Work request:
Copy exactly the lines from the start of the data below through the one that carries "Immigrants from Africa", and only those.

§

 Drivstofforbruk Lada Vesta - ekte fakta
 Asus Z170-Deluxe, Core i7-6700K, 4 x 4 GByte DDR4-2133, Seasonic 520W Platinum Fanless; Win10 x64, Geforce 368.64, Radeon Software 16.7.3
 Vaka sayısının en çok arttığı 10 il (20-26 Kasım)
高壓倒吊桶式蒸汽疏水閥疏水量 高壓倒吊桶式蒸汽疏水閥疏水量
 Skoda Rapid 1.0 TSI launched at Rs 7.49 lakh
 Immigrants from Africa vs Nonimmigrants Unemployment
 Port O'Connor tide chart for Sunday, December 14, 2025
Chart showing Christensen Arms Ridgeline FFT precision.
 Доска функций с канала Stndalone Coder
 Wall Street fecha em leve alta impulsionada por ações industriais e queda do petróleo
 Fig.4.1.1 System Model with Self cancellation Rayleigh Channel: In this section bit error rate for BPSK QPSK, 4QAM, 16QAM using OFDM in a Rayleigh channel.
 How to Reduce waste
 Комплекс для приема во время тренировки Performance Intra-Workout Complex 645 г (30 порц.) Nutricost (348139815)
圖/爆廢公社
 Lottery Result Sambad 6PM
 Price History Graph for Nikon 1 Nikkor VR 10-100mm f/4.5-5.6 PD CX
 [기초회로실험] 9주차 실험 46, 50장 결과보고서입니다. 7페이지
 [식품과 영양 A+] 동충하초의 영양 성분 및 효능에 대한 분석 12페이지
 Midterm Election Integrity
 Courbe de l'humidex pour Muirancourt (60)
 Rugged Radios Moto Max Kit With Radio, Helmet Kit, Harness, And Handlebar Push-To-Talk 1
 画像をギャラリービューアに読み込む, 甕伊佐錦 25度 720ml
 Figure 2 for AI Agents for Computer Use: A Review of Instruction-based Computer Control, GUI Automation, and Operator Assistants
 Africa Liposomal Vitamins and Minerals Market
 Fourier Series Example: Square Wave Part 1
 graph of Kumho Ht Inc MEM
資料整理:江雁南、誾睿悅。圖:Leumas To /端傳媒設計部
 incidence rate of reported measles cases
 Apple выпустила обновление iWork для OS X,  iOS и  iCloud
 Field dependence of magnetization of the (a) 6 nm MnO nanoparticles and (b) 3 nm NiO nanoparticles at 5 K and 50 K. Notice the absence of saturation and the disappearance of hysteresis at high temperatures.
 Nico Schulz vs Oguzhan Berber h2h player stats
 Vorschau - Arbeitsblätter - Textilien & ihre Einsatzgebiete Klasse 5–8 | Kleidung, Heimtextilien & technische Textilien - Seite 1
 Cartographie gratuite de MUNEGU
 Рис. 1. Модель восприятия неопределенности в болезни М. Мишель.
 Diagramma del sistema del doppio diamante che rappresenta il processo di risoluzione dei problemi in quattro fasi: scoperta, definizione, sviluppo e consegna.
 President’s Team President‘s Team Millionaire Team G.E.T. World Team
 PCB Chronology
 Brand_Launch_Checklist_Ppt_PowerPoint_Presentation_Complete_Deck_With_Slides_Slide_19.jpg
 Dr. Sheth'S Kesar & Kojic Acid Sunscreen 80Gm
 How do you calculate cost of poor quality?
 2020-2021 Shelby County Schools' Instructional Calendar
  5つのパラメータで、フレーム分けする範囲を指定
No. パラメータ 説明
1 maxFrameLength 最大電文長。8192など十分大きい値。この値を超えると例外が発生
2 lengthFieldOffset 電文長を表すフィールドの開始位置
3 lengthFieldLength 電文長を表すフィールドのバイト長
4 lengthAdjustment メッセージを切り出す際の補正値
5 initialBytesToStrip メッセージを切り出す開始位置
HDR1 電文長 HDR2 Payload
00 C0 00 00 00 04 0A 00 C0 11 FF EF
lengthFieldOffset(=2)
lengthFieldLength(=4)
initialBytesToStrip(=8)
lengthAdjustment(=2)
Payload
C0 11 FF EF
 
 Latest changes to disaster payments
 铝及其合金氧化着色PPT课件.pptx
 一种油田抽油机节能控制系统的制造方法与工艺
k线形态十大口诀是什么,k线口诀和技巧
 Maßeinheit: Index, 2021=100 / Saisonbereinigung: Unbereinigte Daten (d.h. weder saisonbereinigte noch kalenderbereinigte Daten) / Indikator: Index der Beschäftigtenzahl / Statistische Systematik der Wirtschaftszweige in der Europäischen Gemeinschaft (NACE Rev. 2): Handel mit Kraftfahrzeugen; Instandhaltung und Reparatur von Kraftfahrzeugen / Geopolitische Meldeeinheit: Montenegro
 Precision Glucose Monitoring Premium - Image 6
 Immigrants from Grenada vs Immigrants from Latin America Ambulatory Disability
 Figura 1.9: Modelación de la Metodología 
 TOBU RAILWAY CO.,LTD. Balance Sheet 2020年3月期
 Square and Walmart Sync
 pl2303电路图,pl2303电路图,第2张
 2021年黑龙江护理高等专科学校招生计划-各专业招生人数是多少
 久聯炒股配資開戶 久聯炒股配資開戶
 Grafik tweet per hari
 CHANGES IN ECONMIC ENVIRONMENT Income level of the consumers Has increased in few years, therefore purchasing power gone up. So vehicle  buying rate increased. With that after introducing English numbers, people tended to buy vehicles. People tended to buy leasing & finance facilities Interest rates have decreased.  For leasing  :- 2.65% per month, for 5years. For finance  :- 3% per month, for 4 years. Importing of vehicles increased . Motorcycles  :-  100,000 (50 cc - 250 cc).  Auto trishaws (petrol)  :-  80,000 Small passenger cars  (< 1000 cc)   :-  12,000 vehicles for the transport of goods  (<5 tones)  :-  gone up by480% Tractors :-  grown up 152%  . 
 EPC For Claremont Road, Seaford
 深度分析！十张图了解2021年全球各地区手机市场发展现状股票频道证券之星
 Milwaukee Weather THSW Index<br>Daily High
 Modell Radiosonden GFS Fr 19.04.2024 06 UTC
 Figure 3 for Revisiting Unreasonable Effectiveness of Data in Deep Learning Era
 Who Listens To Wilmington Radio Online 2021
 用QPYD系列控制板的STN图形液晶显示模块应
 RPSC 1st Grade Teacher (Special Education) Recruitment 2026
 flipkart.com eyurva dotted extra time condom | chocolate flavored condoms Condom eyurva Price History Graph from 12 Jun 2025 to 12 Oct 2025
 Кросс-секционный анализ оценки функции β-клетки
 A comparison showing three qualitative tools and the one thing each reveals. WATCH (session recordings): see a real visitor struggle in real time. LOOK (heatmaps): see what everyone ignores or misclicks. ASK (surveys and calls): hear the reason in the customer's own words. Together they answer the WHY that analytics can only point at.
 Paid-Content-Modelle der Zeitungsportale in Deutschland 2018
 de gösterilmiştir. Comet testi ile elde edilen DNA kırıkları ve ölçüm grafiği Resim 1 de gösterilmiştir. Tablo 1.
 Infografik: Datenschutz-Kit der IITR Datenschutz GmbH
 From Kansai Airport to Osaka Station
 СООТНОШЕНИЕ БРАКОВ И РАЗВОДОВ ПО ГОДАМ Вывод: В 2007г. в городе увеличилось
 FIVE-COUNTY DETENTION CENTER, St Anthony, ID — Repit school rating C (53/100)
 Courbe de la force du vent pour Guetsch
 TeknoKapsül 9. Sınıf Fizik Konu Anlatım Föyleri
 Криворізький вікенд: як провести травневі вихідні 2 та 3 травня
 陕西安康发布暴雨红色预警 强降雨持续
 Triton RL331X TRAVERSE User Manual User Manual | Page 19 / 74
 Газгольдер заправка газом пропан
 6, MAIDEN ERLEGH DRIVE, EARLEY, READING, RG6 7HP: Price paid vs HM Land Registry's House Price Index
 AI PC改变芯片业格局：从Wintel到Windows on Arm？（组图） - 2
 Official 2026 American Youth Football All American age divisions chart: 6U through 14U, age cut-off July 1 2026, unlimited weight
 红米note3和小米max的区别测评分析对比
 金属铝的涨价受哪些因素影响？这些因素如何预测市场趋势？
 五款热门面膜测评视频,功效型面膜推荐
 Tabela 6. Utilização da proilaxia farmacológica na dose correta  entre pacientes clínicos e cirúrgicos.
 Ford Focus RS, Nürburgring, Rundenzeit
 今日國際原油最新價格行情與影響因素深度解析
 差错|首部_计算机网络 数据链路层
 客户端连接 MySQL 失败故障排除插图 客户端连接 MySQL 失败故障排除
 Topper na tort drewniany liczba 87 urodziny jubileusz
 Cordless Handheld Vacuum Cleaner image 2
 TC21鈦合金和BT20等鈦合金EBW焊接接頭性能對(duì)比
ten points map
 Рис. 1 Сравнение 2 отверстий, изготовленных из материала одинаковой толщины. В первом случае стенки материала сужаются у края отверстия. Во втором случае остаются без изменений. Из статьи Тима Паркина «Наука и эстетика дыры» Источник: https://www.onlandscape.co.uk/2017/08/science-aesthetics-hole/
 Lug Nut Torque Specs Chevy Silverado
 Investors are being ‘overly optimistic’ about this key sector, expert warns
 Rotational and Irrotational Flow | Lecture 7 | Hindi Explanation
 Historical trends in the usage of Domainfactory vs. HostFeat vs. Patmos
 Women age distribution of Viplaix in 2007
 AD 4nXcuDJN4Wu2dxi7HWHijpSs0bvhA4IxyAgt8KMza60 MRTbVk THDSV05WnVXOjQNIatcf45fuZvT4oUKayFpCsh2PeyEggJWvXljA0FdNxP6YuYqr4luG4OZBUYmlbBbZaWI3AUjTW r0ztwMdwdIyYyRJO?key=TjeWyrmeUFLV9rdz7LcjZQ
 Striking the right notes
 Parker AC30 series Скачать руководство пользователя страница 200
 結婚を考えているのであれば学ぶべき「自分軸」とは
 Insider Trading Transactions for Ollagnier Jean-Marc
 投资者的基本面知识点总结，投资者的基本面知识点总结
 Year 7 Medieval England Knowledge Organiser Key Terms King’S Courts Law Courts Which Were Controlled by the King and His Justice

§

Solution to this exercise:
 Drivstofforbruk Lada Vesta - ekte fakta
 Asus Z170-Deluxe, Core i7-6700K, 4 x 4 GByte DDR4-2133, Seasonic 520W Platinum Fanless; Win10 x64, Geforce 368.64, Radeon Software 16.7.3
 Vaka sayısının en çok arttığı 10 il (20-26 Kasım)
高壓倒吊桶式蒸汽疏水閥疏水量 高壓倒吊桶式蒸汽疏水閥疏水量
 Skoda Rapid 1.0 TSI launched at Rs 7.49 lakh
 Immigrants from Africa vs Nonimmigrants Unemployment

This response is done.